→ **WHAT NEEDS TO BE DONE**: Whatever the listing holds, output it without alteration.

__________________________________________________

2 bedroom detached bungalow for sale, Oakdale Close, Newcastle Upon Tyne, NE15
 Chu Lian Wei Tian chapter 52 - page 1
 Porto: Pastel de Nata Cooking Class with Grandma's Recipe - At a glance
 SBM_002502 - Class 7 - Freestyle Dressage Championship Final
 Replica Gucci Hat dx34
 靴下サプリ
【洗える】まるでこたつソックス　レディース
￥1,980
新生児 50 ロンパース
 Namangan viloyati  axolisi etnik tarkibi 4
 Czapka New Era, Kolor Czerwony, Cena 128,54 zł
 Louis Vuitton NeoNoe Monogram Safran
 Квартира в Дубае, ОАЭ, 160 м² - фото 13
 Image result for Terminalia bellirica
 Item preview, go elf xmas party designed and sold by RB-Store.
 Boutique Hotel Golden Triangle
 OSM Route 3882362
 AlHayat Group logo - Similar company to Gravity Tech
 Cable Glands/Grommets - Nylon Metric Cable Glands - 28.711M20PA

__________________________________________________

→ **ANSWER TO THIS TASK**:
2 bedroom detached bungalow for sale, Oakdale Close, Newcastle Upon Tyne, NE15
 Chu Lian Wei Tian chapter 52 - page 1
 Porto: Pastel de Nata Cooking Class with Grandma's Recipe - At a glance
 SBM_002502 - Class 7 - Freestyle Dressage Championship Final
 Replica Gucci Hat dx34
 靴下サプリ
【洗える】まるでこたつソックス　レディース
￥1,980
新生児 50 ロンパース
 Namangan viloyati  axolisi etnik tarkibi 4
 Czapka New Era, Kolor Czerwony, Cena 128,54 zł
 Louis Vuitton NeoNoe Monogram Safran
 Квартира в Дубае, ОАЭ, 160 м² - фото 13
 Image result for Terminalia bellirica
 Item preview, go elf xmas party designed and sold by RB-Store.
 Boutique Hotel Golden Triangle
 OSM Route 3882362
 AlHayat Group logo - Similar company to Gravity Tech
 Cable Glands/Grommets - Nylon Metric Cable Glands - 28.711M20PA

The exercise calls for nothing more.